Critical Phenomena in a Dynamical System Under Random Perturbations

Abstract

The effect of Gaussian white noise on a canard cycle in dynamical model of an electrochemical reaction is analyzed. A critical noise intensity, at which the small-amplitude oscillations are transformed into mixed-mode oscillations, is obtained.

This work was funded by RFBR and Samara Region (project 16-41-630529-p) and the Ministry of Education and Science of the Russian Federation under the Competitiveness Enhancement Program of Samara University (2013–2020).

1 Introduction

It is well known that random perturbations can decisively affect the long-term behavior of dynamical systems. It should be noted that all realistic systems are subject to noise. For example, in a chemical system, the role of random perturbations can be played by various impurities, thermal vibrations, and many other external factors.

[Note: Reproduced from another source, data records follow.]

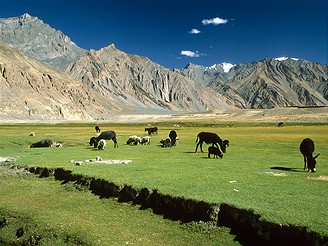 Ladakh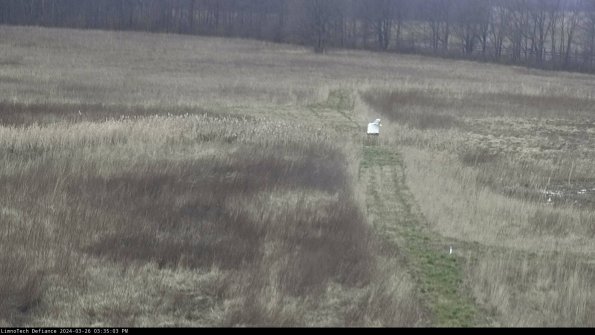 Cell 1 to 2_24-03-26_15-35-03-86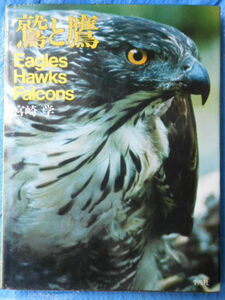 宮崎 学　鷲と鷹　平凡社　Eagles Hawks Falcons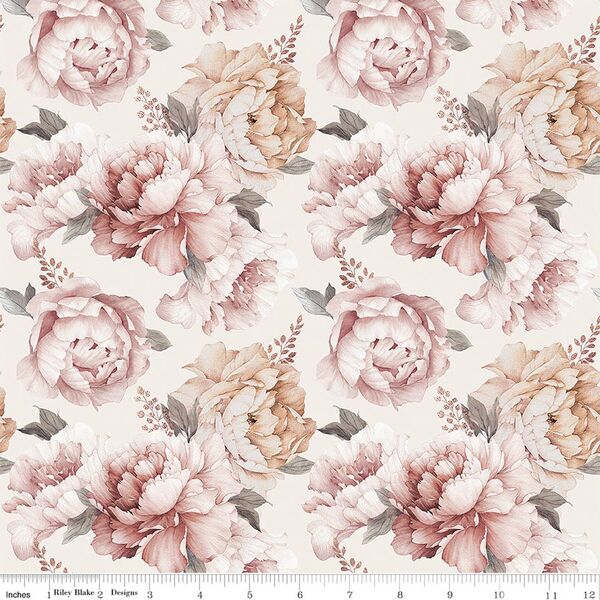 Peonies in Cream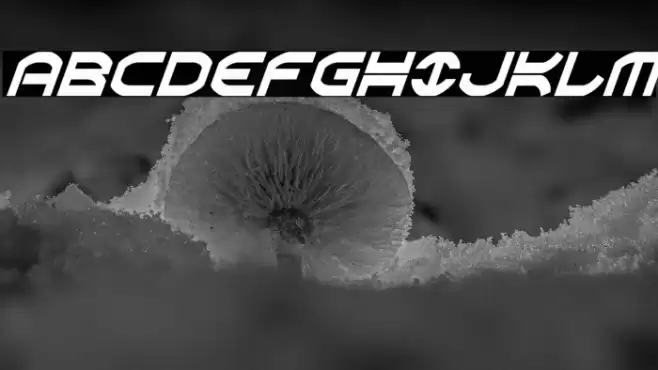 Oberon Condensed Italic Font examples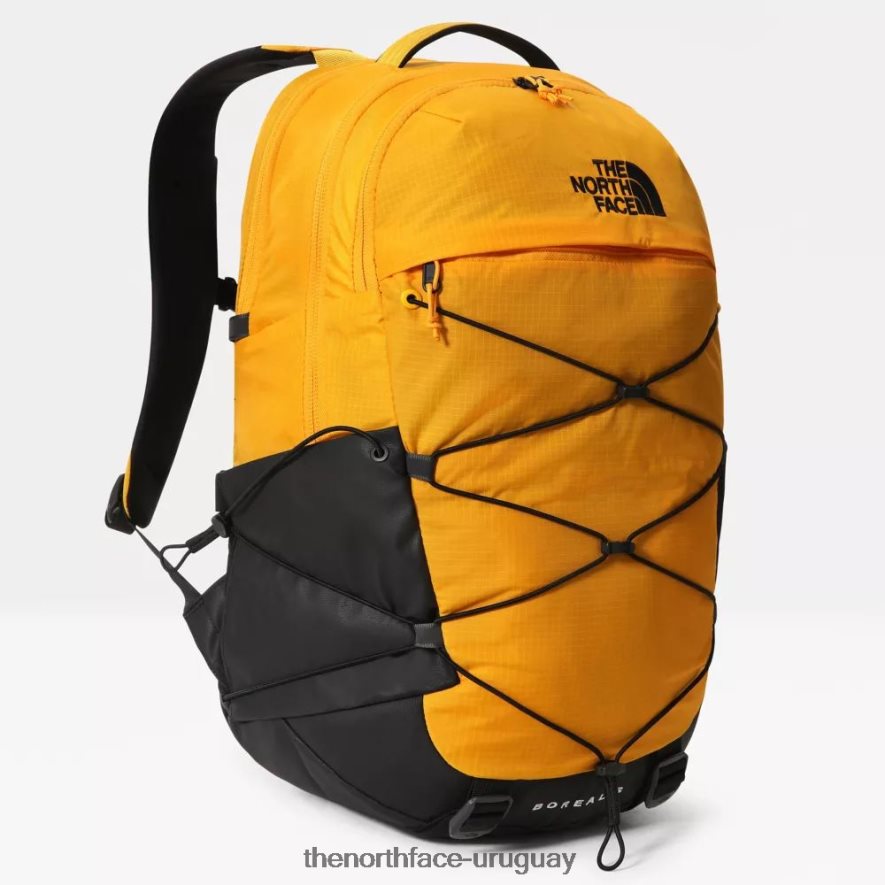 mochila boreal 2RRLTN757 cumbre de oro The North Face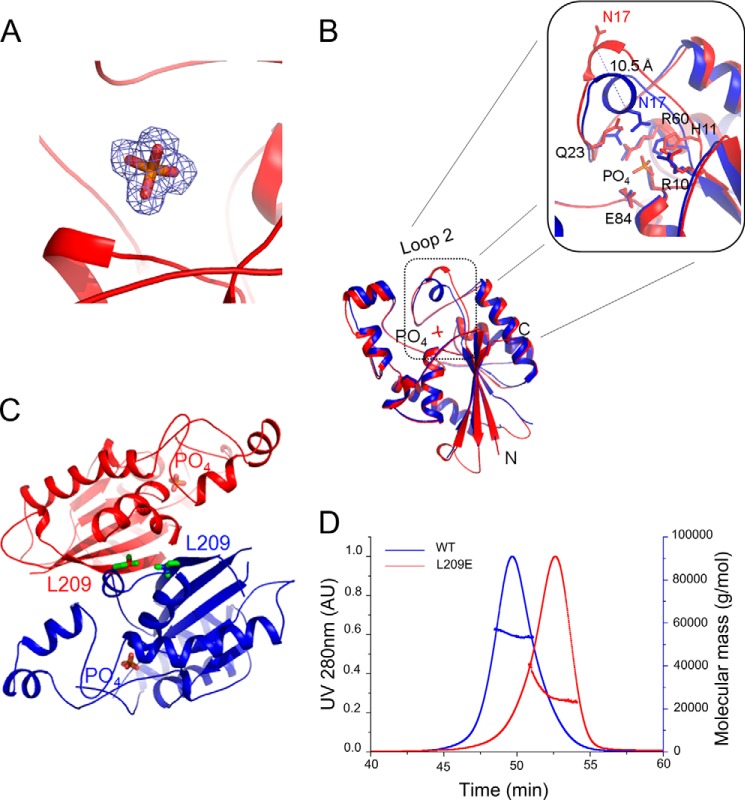 FIGURE 4.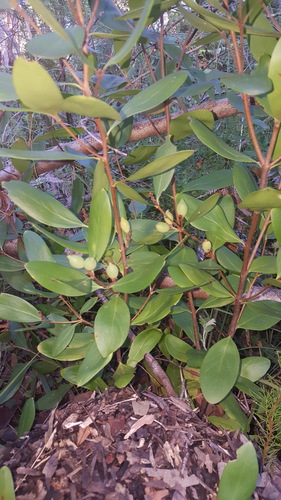 Persoonia laurina (Laurel Geebung) — photo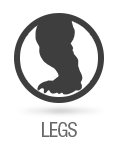 icons_sized_legs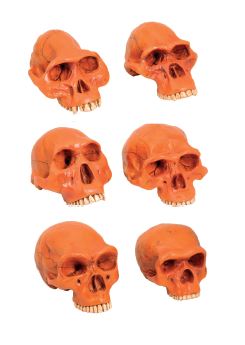Ensemble 6 moulages de crânes plastiques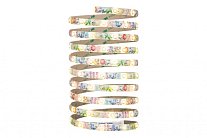 Светодиодная лента Paulmann 70602 DECO Stripe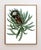 This Victorian botanical print has been remastered to fit into any Modern decor style. This is 3 of 4 in this series of...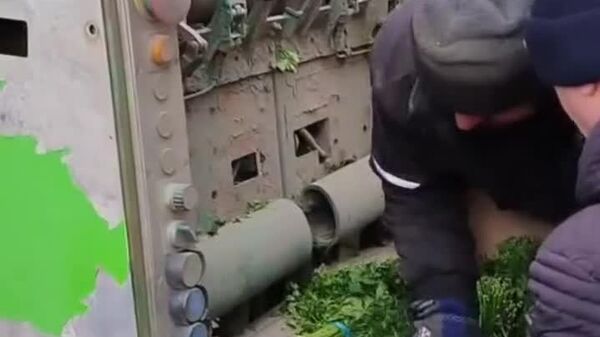 ANSA a distrus loturi alimentare care conțineau niveluri ridicate de pesticide - Sputnik Moldova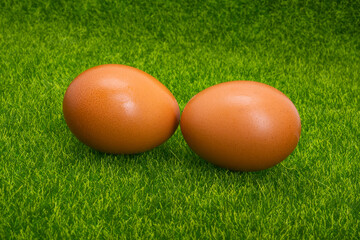 chicken eggs on green grass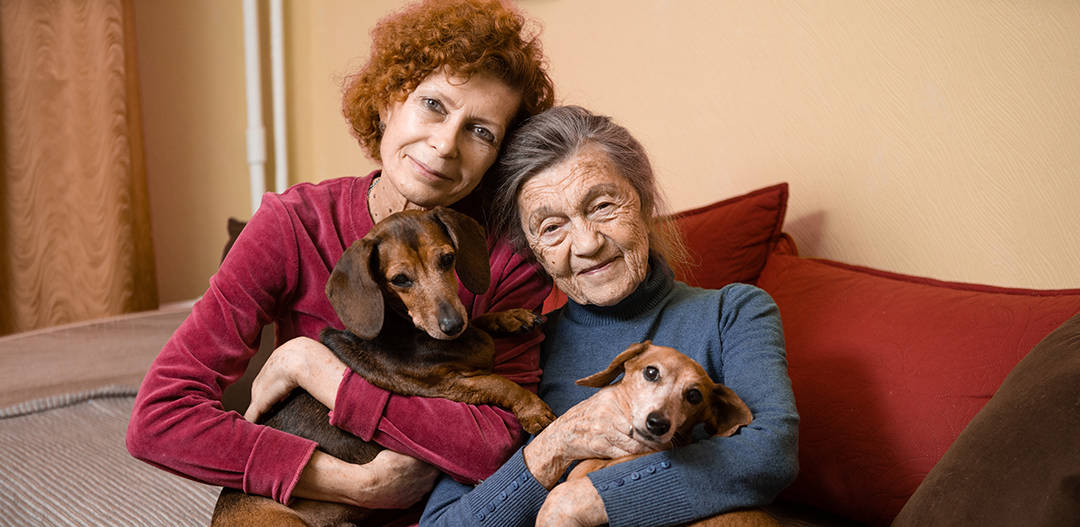 Paws for Comfort: The Benefits of Pet Therapy in Hospice Care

In this paper, we analyze the influence of an external noise on a canard cycle using an electrochemical reactor model as an example. The analysis is based on the stochastic sensitivity functions technique [1, 2]. We investigate the stochastic sensitivity of the equilibrium and the limit cycle of the model. We demonstrate transitions induced by the noise and find out the critical value of the noise intensity corresponding to the beginning of the transitions.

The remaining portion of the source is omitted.